La Grèce, qui comptait 7,22 millions d’habitants avant d’entrer en guerre, a perdu entre 500 000 et 800 000 personnes. L’exécution des 200 communistes a été menée en représailles après que des résistants grecs ont tué un général allemand, et le massacre est devenu un symbole de résistance et de martyre.

Le collectionneur belge ne se rendait probablement pas compte de la valeur historique des documents qu’il avait entre les mains.
Compte tenu du caractère sensible de l’affaire, le gouvernement grec a réagi rapidement et exigé que le collectionneur retire les photos de la vente aux enchères.
La vente de documents et de photographies nazis après la Seconde Guerre mondiale n’est pas illégale en Belgique, à condition que ces documents soient traités comme des objets historiques et ne soient pas utilisés pour promouvoir l’idéologie nazie. La Grèce a le droit légal de les réclamer, étant donné que les documents relatifs aux crimes de guerre commis sur son sol font partie du patrimoine national du pays.
Le collectionneur a affirmé avoir acquis légalement les photographies lors d’une vente aux enchères et en être le propriétaire légitime.

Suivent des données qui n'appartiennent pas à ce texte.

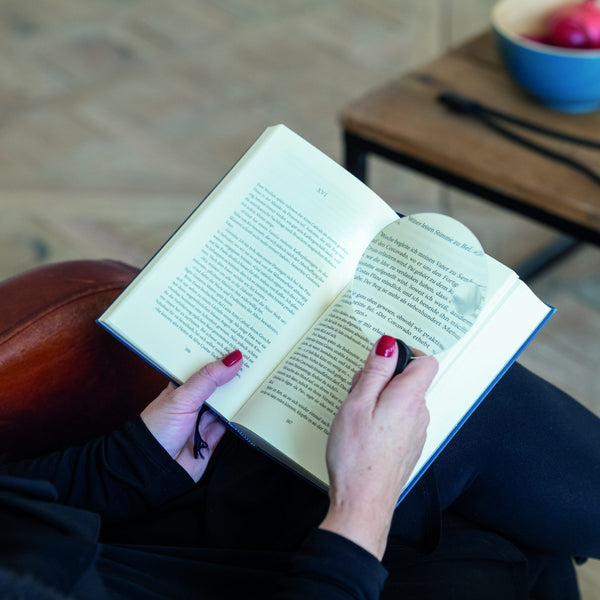 Leuchttrum Shoulder magnifier HANDS FREE with 2x and 4x magnification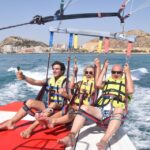 Alicante: Výlet lodí a parasailing s drinkem 9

Le collectionneur belge « soulagé »
Vendredi, le ministère de la Culture a envoyé une équipe d’experts à Evergem, une petite ville près de Gand, afin de vérifier l’authenticité des photographies et de négocier leur prix de vente à l’État grec.
Un accord préliminaire a été signé entre les deux parties afin de retirer les photos de toute plateforme d’enchères en ligne et de les vendre au gouvernement grec.
Les images publiées en ligne montraient des victimes marchant sans crainte vers leur exécution. Euractiv, présent à Evergem ce jour-là, a appris que l’album contenait également des photographies troublantes prises après les exécutions.
« Je suis soulagé et heureux de l’accord préliminaire conclu avec l’État grec », a déclaré M. De Craene à Euractiv devant sa résidence à Evergem.
Le jeune collectionneur, qui ne semblait pas avoir pleinement conscience de la valeur historique de ces archives, semblait mal à l’aise face à l’attention médiatique suscitée par cette affaire en Grèce.
Interrogé sur la question de savoir s’il avait pris conscience de l’importance historique de ces photographies au fil des ans, M. De Craene a refusé de commenter, y compris sur le prix auquel elles seraient vendues.
Le journal local Protothema a rapporté que le prix convenu était de 100 000 euros, mais cela n’a pas été confirmé par le ministère de la Culture.
Enfin, certains politiciens d’extrême droite ont cherché à politiser la question, affirmant que la « sympathie unilatérale » envers les gauchistes devait cesser, tandis que les partis traditionnels se sont abstenus de le faire.